Não dá para fazer parte dessa corja, ele pensou. Não dá para continuar a ser torcedor, a pertencer a uma facção que se delicia ou toma atitudes bruscas por causa de futebol. Pertencer à FAARC ou ao Sendero Luminoso é mais nobre. Esses exércitos possuem causa justa e não fútil. "A gente tem mais emoção ruim do que boa ao se relacionar com o futebol". Não dá para uma pessoa inteligente continuar fazendo parte dessa corja.

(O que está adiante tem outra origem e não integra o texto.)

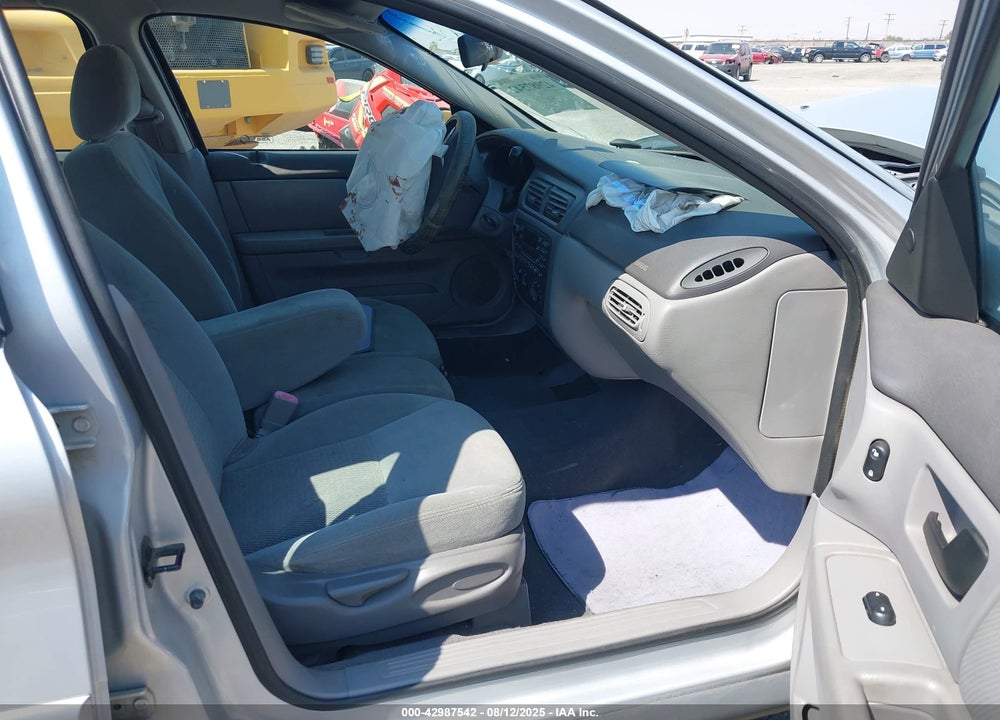 2003 FORD TAURUS SE VIN: 1FAFP53U13G179118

Essa corja manipulada por outra corja, que politicamente nos explora.
"Tem os salários que a gente ganha e o que eles falam que ganham os jogadores para a gente pensar no que estamos fazendo". "Qual a prestação de serviço que faz um jogador desses para a sociedade?". "Têm programado para dizer para quem ensaia este questionamento que eles entretêm, mantém o pobre sonhando". Mas não valia mais esta desculpa para Fulano. Essa explicação que visa comover a massa e a manter controlada por uma comoção ridícula, vinda de uma justificativa irreal, passou a não valer mais para Fulano assim que ele viu a luz.
"Se entretêm, então porque é esporte", ele conseguiu questionar. "Por que não fazem isso de maneira natural?". "O cinema entretém, mesmo os roteiros adaptados da vida real são divulgados como ficção". "Ninguém quer enganar o outro dizendo para ele torcer pelo mocinho porque o mocinho pode ganhar e no final ele ganha mesmo, independente da torcida".

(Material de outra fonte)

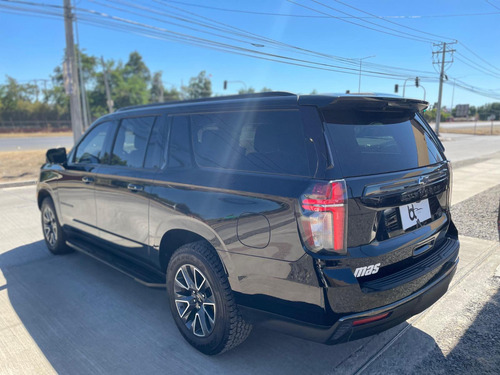 Chevrolet Suburban Z71 4X4 5.3L AUT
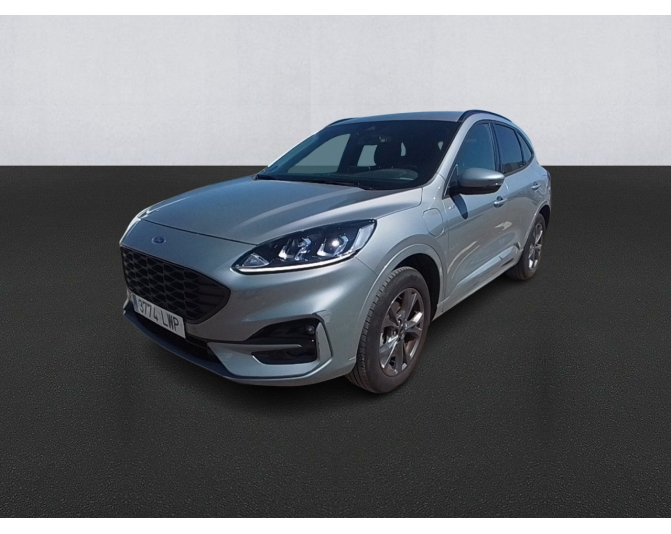 Renting cocheFORD KUGA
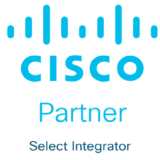 Cisco セレクトパートナーに認定されました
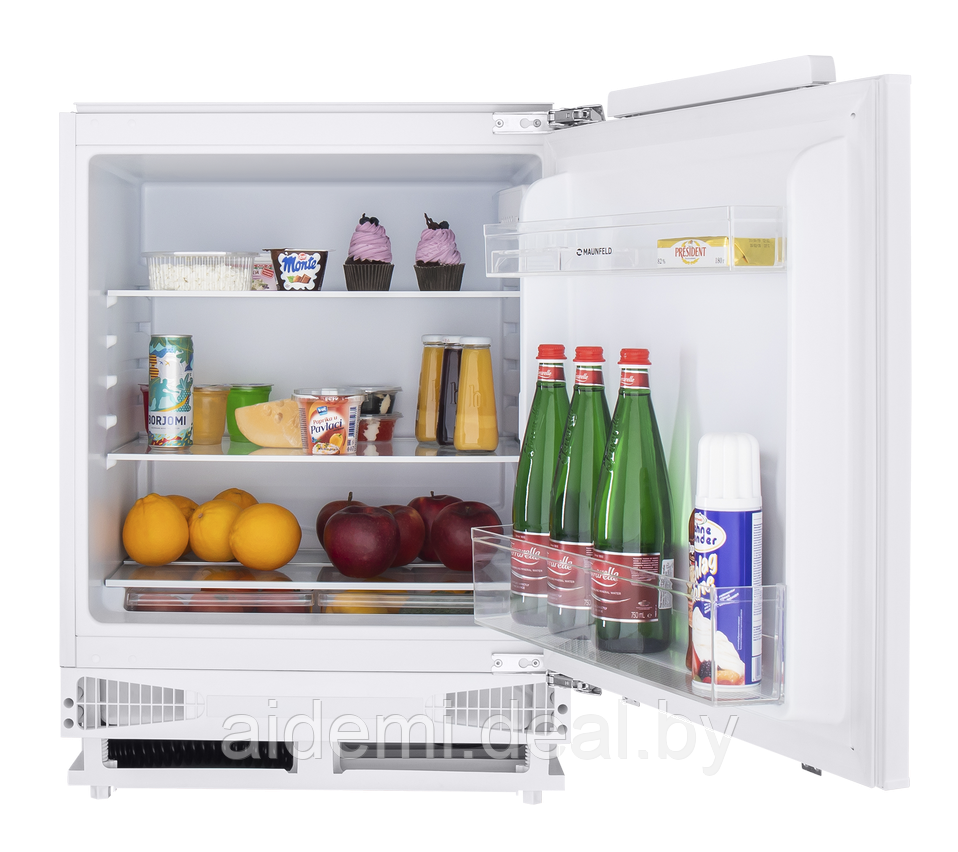 Холодильник встраиваемый MAUNFELD MBL88SW - фото 1 - id-p224548441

"E a futilidade que é dar atenção para um esporte bobo como o futebol". Passou a zumbir na cabeça de Fulano o mosquitinho da conscientização. Empurrara para lá o outro besourinho. "Um esporte simplório". "Todo imbecil compreende suas regras". "Vai o imbecil do torcedor desse esporte tentar entender as do tênis ou as do basquete". "O interessante do futebol é praticar e não ficar feito otário vendo perna de homem correndo para lá e para cá". "Praticar,sim, pode valer meu interesse, pois diverte e exercita o físico". "Em vez de ficar vendo pessoas praticarem, ganhando dinheiro com isso enquanto os que pagam estão desempregados e com fome: pratica-se". "Não preciso me conter só em assistir, posso também querer ser assistido ou posso pensar que ninguém precisa ser assistido ou assistir". "Ser um mero contribuinte, um bode expiatório, não dá para uma pessoa inteligente fazer parte dessa corrente ou se submeter a isso". "Não dá para continuar dando dinheiro ou audiência para essa merda".

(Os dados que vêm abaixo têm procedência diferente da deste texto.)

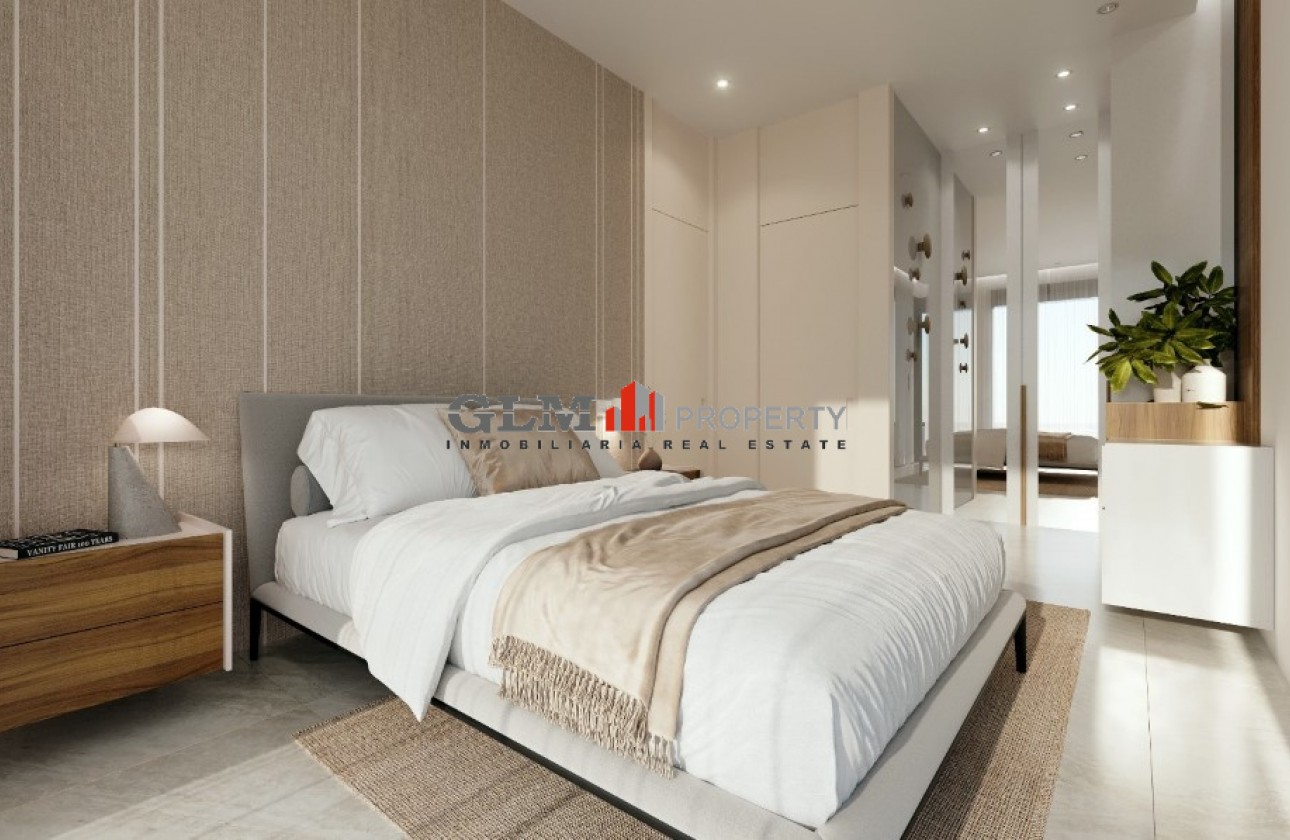 Resale - Apartment - Torre Pacheco - Santa Rosalia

E foi repetindo tudo isso, lendo ou refletindo todos os dias, que Fulano conseguiu deslavar sua mente do futebol. Ele agora vai usar o mesmo método para deslavar-se de outras programações que vêm da infância e da convivência com a sociedade e com a mídia. E também deseja aplicar o método para produzir em si a capacidade para programar-se para realizar os seus sonhos. Buscar um local para viver, onde todos por lá querem o bem comum e a paz. Que não tenha a presença da mídia com a sua função de desarmonizar. Um lugar onde se pode viver sem consumo de supérfluos ou de produtos inúteis, tornou-se o ideal, definitivamente, de Fulano. E agora ele está apto a conseguir o que a vida até então lhe fizera conseguir.